Достоин внимания следующий эпизод. В тридцатых годах в Париже Фельзен и я отправились в одно французское издательство к Габриэлю Марселю — узнать о судьбе наших книг.
Там в кабинете редактора мы застали уже собиравшегося выйти Сирина.
— Вот, — сказал философ (он тогда еще не был экзистенциалистом), — вот господин Сирин предлагает нам издать его произведение по-французски, — и он указал на свой длинный стол, где с краю лежало «Отчаяние».
Нам «Отчаяние» не могло нравиться. Мы тогда не любили «выдумок». Мы думали, что литература слишком серьезное дело, чтобы позволять сочинителям ею заниматься. Когда Сирин (на вечере в Лас-Каз) читал первые главы «Отчаяния» о том, как герой во время прогулки случайно наткнулся на своего «двойника» (что-то в этом роде), мы едва могли удержаться от смеха.
Тем не менее Фельзен, чистая душа, быстро и решительно отозвался:
— Я знаю эту книгу. Это очень хороший роман.
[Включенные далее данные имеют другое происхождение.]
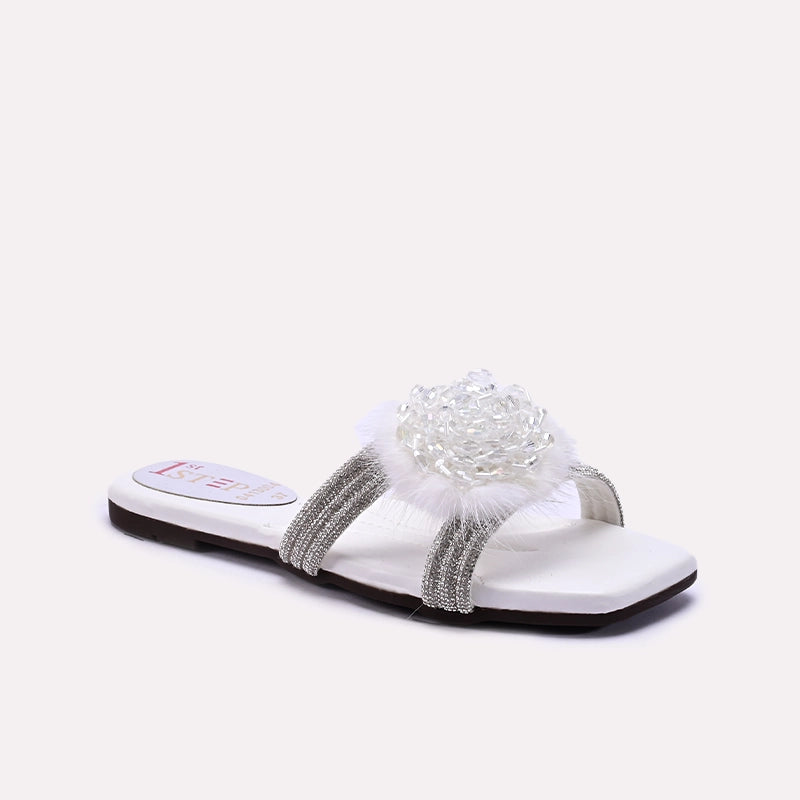 White Fancy Flat Slippers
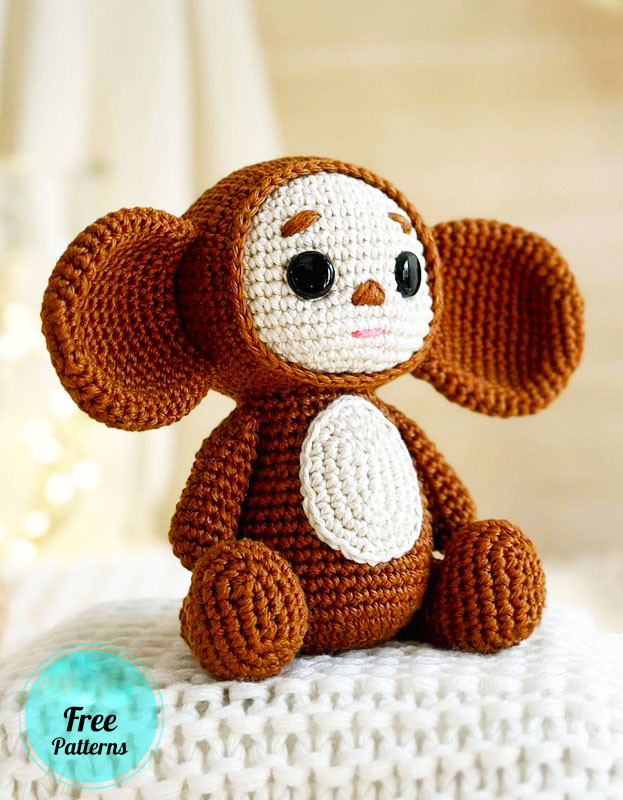 Amigurumi Crochet Cheburashka Keychain Free Pattern-1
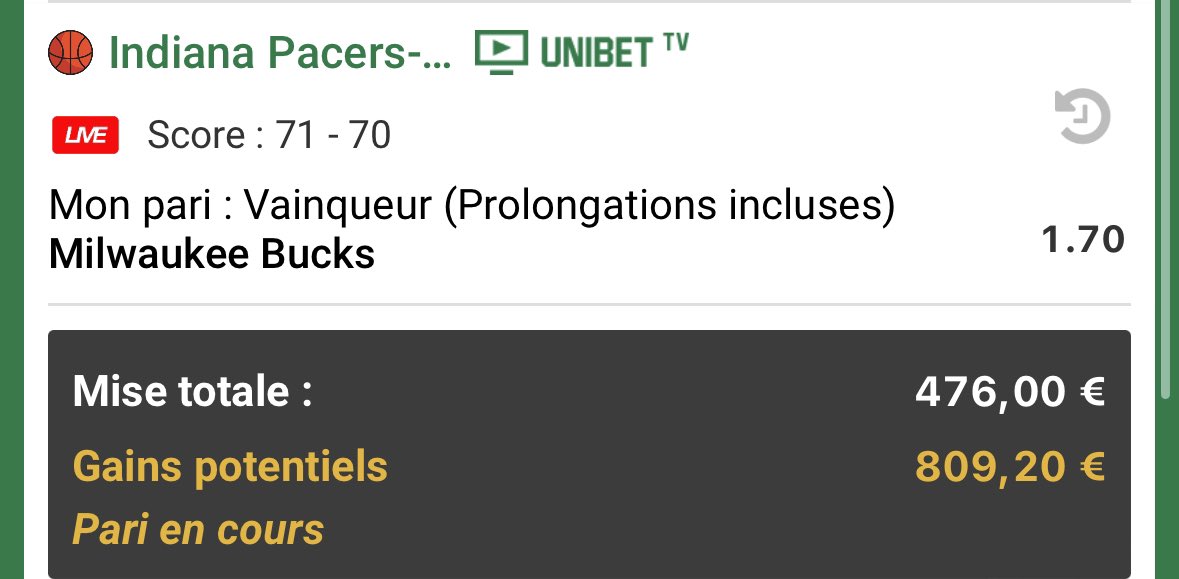 Prono NBA🏀

En live : 

👉Bucks OT 1,70🇺🇸 

Mise perso 470€💪

Ton premier dépôt doublé chez Rabona avec mon code : kingpronos🎁

Mon TikTok/insta : KingPronos17 🚀

 #TeamParieur

RT et❤️si suivi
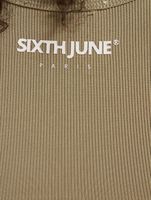 Sixth June Crop Top mit Seitennaht und Raffung, khaki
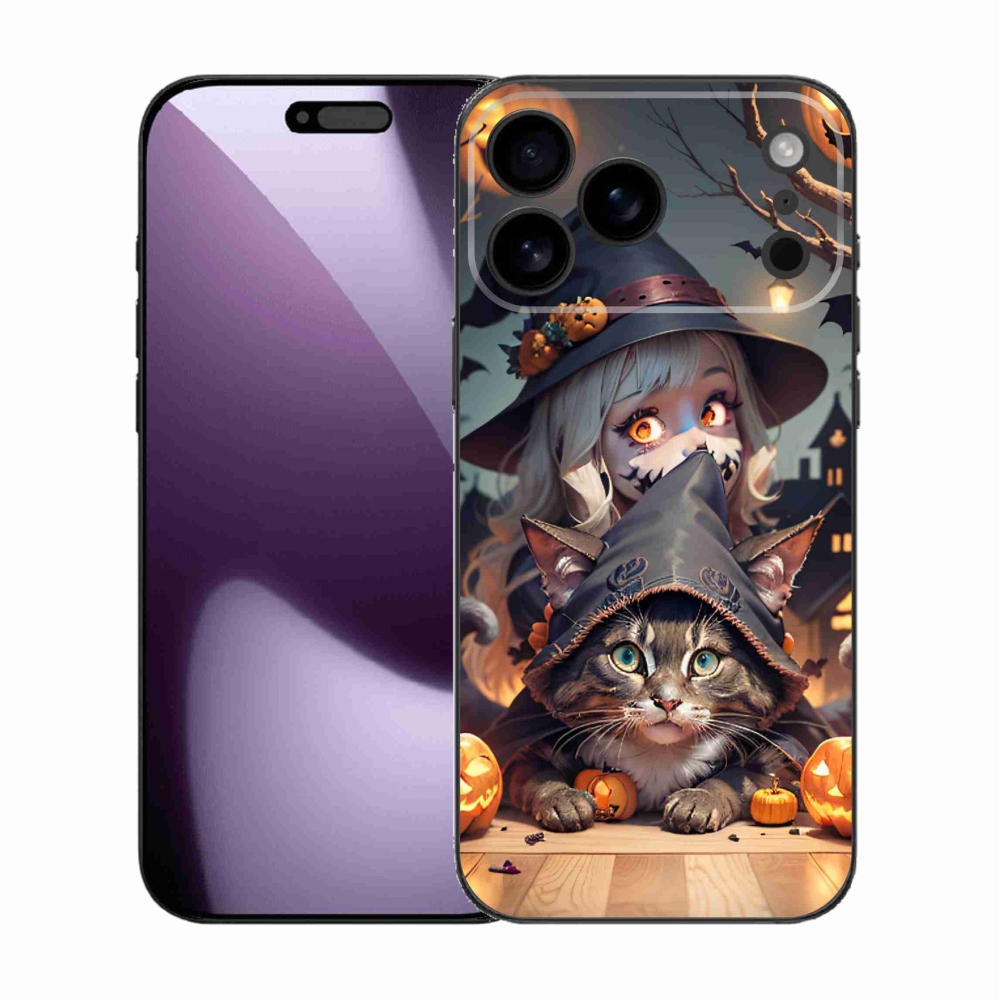 Gelový kryt mmCase na iPhone 17 Pro Max - čarodějnice s kočkou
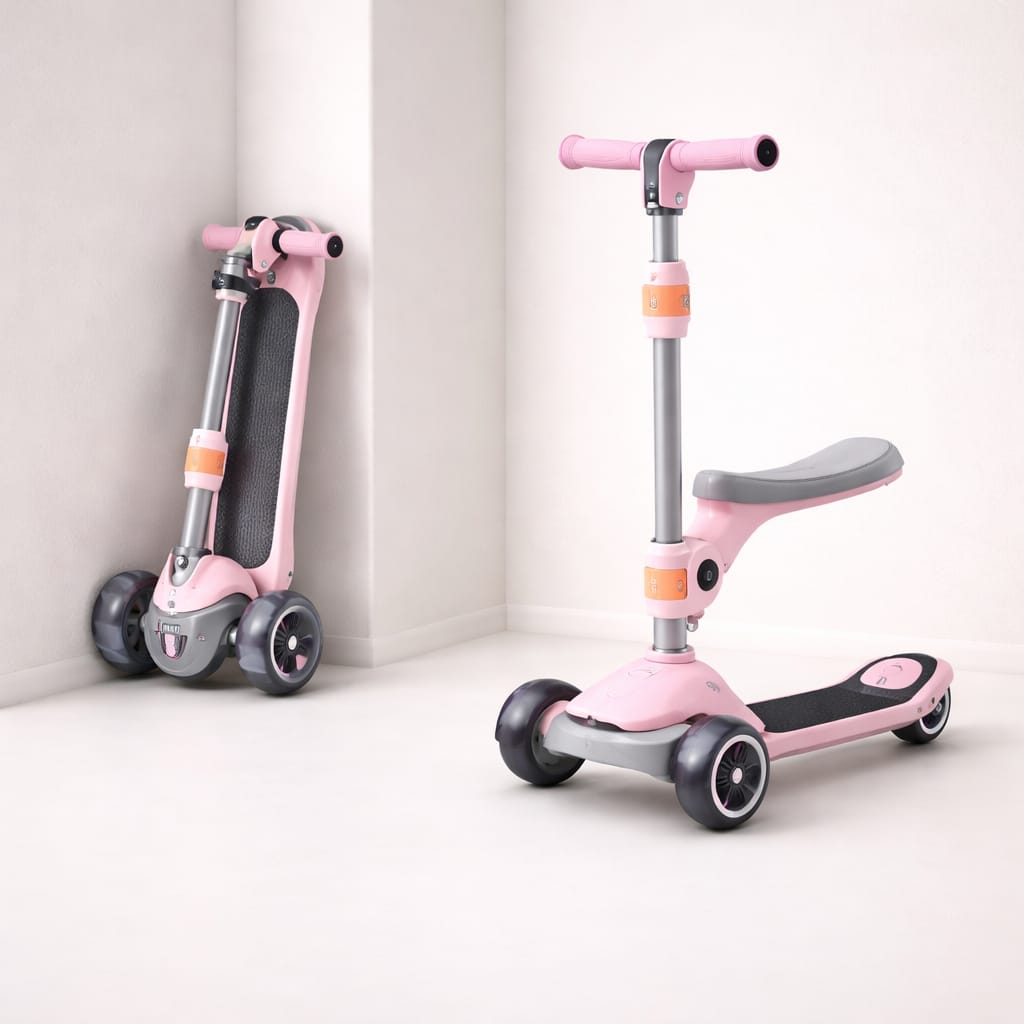 3 in 1 Foldable Kids Scooter with Removable Seat – Adjustable Height, 3 Wheel Balance Scooter (2–8 Years)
На что стройный в те годы Сирин низко поклонился своим несчастным собратьям (poor brethren) и сказал:
— Merci beaucoup.
Но это уже глава из новой книги — на другом континенте, даже полушарии. А то Замечательное Десятилетие кончилось и стало достоянием истории.
Братья, сестры последующих боен и мятежей, услышите ли вы наш живой голос?
Не жизни жаль с томительным дыханием.